Kekerasan terhadap anak, baik fisik, psikis, maupun seksual, merupakan tragedi kemanusiaan yang terus berulang di berbagai belahan dunia, termasuk Indonesia. Bebeberapa kasus di atas adalah kabar tentang kekerasan terhadap anak yang muncul dalam media massa di Indonesia. Dan tentunya, terdapat lebih banyak kasus yang tidak ‘terkabarkan’. Sepanjang tahun 2024, terdapat 19.628 kasus kekerasan terhadap anak dan terdapat 21.648 anak yang menjadi korbannya (siga.kemenpppa.go.id, 20-03-2025).
Ironisnya, dari kasus yang terdaftar, kekerasan ini terjadi di tempat yang seharusnya menjadi tempat ternyaman bagi anak-anak, yaitu rumah dimana seharusnya sebuah keluarga bernaung di bawahnya.
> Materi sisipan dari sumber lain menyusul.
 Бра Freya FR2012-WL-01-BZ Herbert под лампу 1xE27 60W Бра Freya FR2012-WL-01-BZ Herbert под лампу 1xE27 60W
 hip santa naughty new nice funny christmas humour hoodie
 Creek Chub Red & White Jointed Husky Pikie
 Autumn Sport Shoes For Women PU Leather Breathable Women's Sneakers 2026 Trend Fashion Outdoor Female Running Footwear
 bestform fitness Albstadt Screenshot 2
Rumah yang seharusnya memberi tempat terhangat dan terdamai bagi anak, kini tak lagi ramah. Lebih pilunya lagi, ternyata pelaku kekerasan banyak dari orang terdekat anak. Bukan ‘orang jahat’, tetangga, atau siapa, tapi keluarga merekalah yang menjadi pelakunya. Ayah dan ibu yang seharusnya menjaga dan menyayanginya, yang seharusnya menjadi pihak pertama dan satu-satunya ‘tempat kembali’ dari kerasnya dunia, justru menjadi sumber kekerasan itu sendiri. Lantas kemana mereka harus ‘pulang’?
Fakta ini mencerminkan adanya kerusakan mendalam dalam struktur dan fungsi keluarga di masyarakat kita. Keluarga, yang seharusnya menjadi benteng utama perlindungan, justru berubah menjadi sumber bahaya. Lantas apa penyebabnya? Untuk memahami mengapa kekerasan terhadap anak begitu marak, kita tidak bisa hanya melihat pada faktor individu. Permasalahan ini adalah gejala dari sistemik yang jauh lebih besar. Salah satu penyebab utama adalah sistem kehidupan yang saat ini mengatur masyarakat—yakni sistem sekularisme kapitalisme.
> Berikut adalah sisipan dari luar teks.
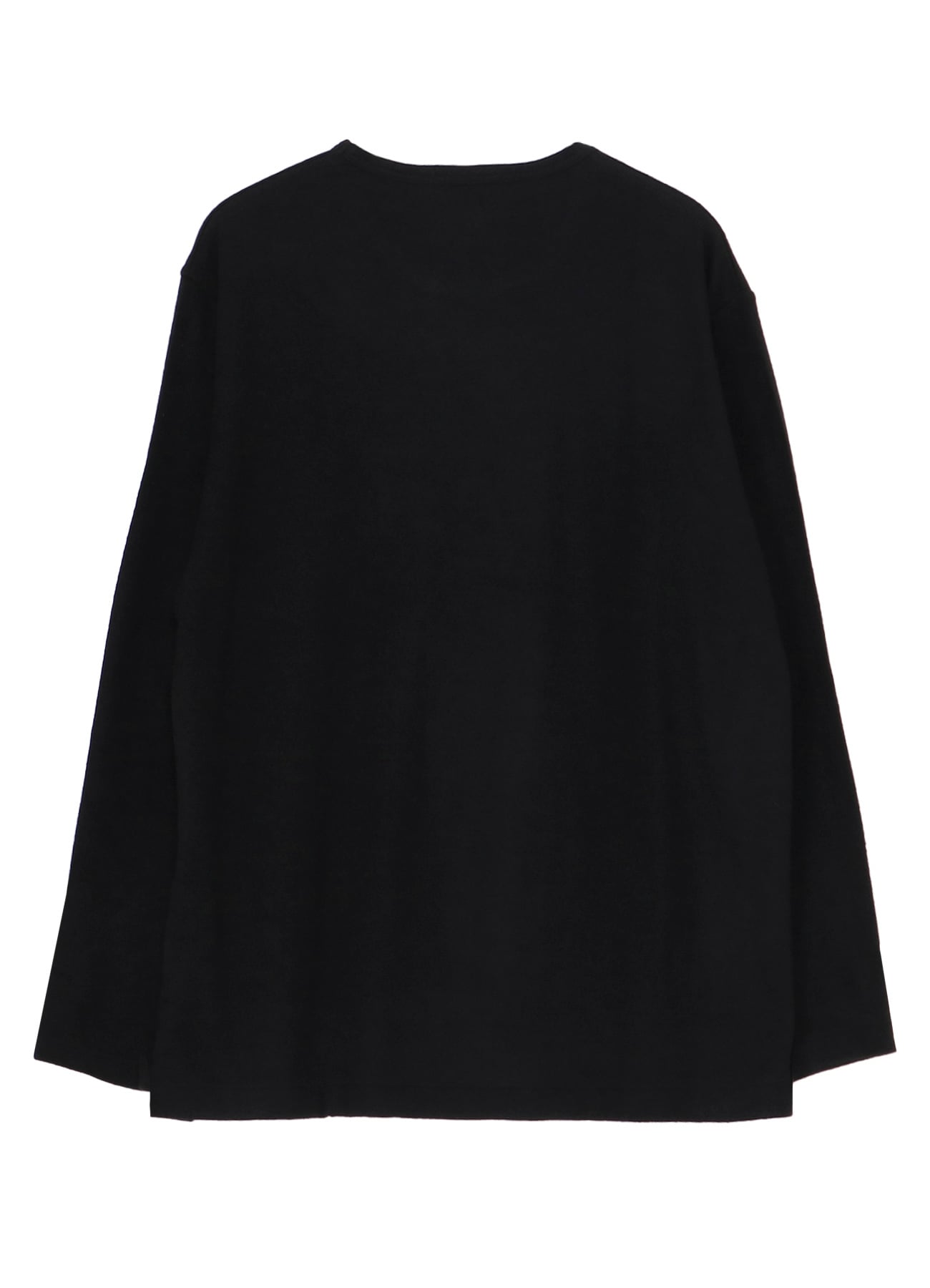 SUPER 120 WOOL SINGLE JERSEY ROUND NECK LS TEE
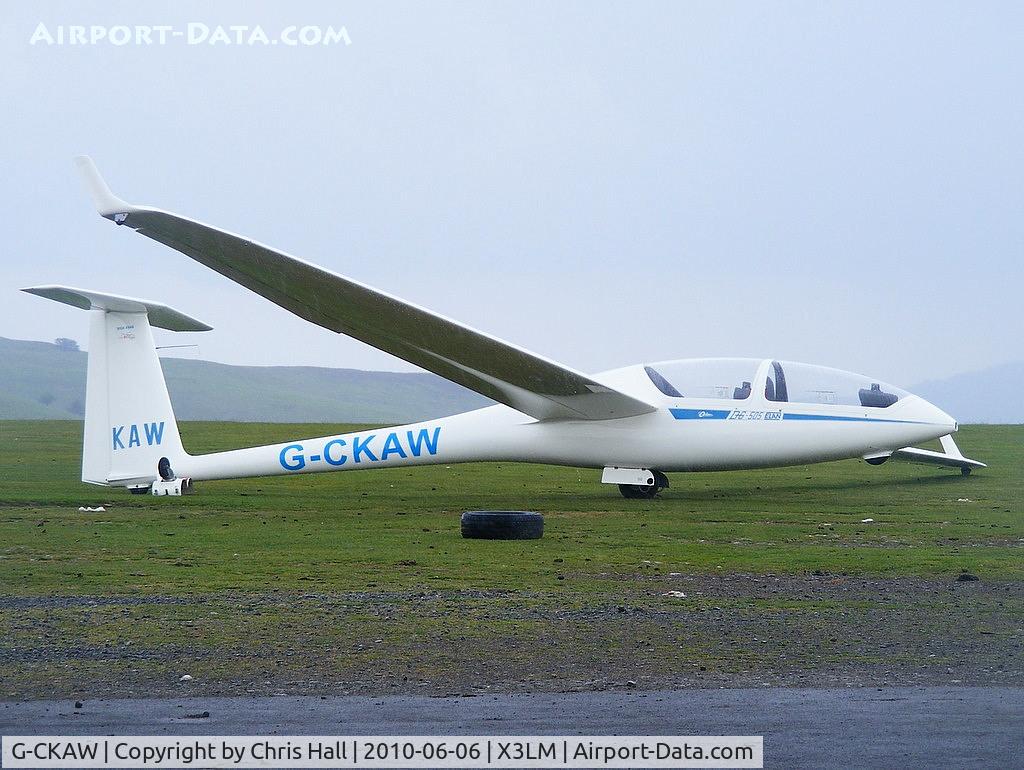 G-CKAW, AMS-Flight DG-500 Elan Orion C/N 5E228X66, DG-500 Elan Orion at Long Mynd, Shropshire, UK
Dalam sistem sekulerisme, dimana agama dipisahkan dari kehidupan, keluarga tidak lagi dibangun atas dasar keimanan. Membuat para orang tua tidak tahu bagaimana cara mendidik dan mengasuh anak, apalagi menyiapkan mereka menjadi generasi sholeh dan cemerlang. Mereka tidak lagi melihat keluarga sebagai amanah yang harus dijaga dengan nilai-nilai kebaikan, melainkan lebih banyak terjebak pada tuntutan materi dan gaya hidup individualistis. Sistem ini bahkan menghilangkan fitrah orang tua yang memiliki kewajiban melindungi anak-anak dan menjadikan rumah sebagai tempat yang paling ramah untuk anak.
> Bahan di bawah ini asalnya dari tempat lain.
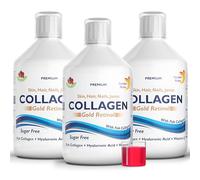 Swedish Nutra - Gold Retinol - 3 Packs of 500ml, 60 Day Supply - 12500 mg Marine Collagen I Sugar-Free I Minimize Fine Lines, Wrinkles & Improve Skin Elasticity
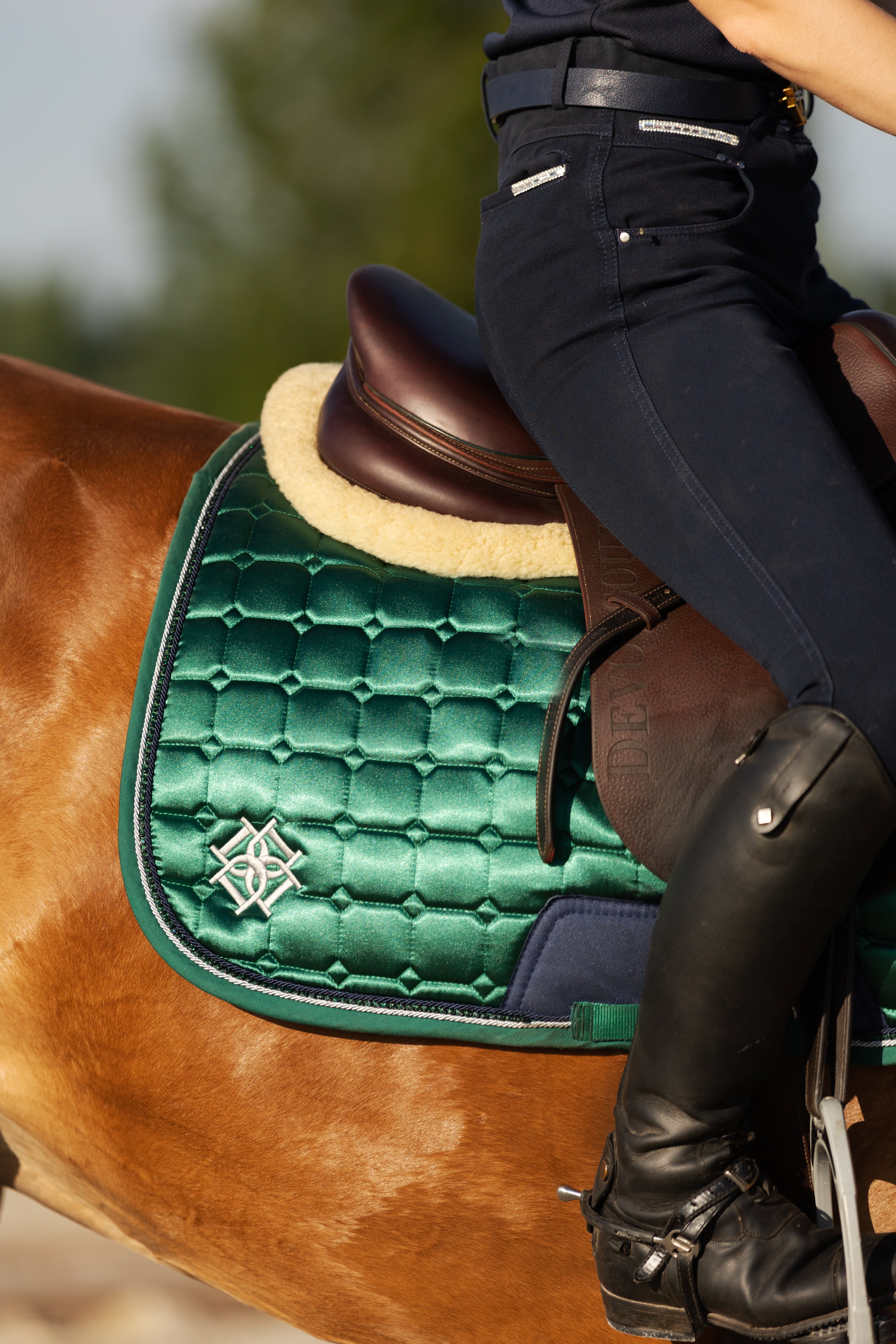Dapple Equestrian Emerald Green Jump Saddle Pad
Tekanan ekonomi dalam sistem kapitalisme juga sering dijadikan dalih untuk membenarkan kekerasan terhadap anak. Tidak sedikit orang tua yang melampiaskan stres karena kesulitan ekonomi dengan cara menyiksa atau bahkan menelantarkan anak-anak mereka. Sementara itu, tayangan media yang tidak mendidik dan lingkungan sosial yang permisif juga turut menjadi pemicu terjadinya kekerasan. Di tengah masyarakat yang semakin individualistik, kepedulian terhadap kondisi sekitar nyaris tidak ada. Inilah yang membuat kekerasan terhadap anak seringkali luput dari perhatian dan penanganan.
Memang, pemerintah Indonesia telah menetapkan berbagai regulasi dan undang-undang terkait perlindungan anak, juga tentang pembangunan keluarga. Namun, kenyataannya kebijakan ini belum mampu menuntaskan persoalan yang ada. Hal ini terjadi karena regulasi tersebut masih dibangun dalam kerangka pemikiran sekuler dan kapitalis, yang tidak mampu menyentuh akar persoalan secara menyeluruh. Padahal, kekerasan terhadap anak adalah masalah multidimensi, disebabkan oleh faktor yang kompleks dan saling berkelindan sehingga membutuhkan solusi mendasar dan komprehensif..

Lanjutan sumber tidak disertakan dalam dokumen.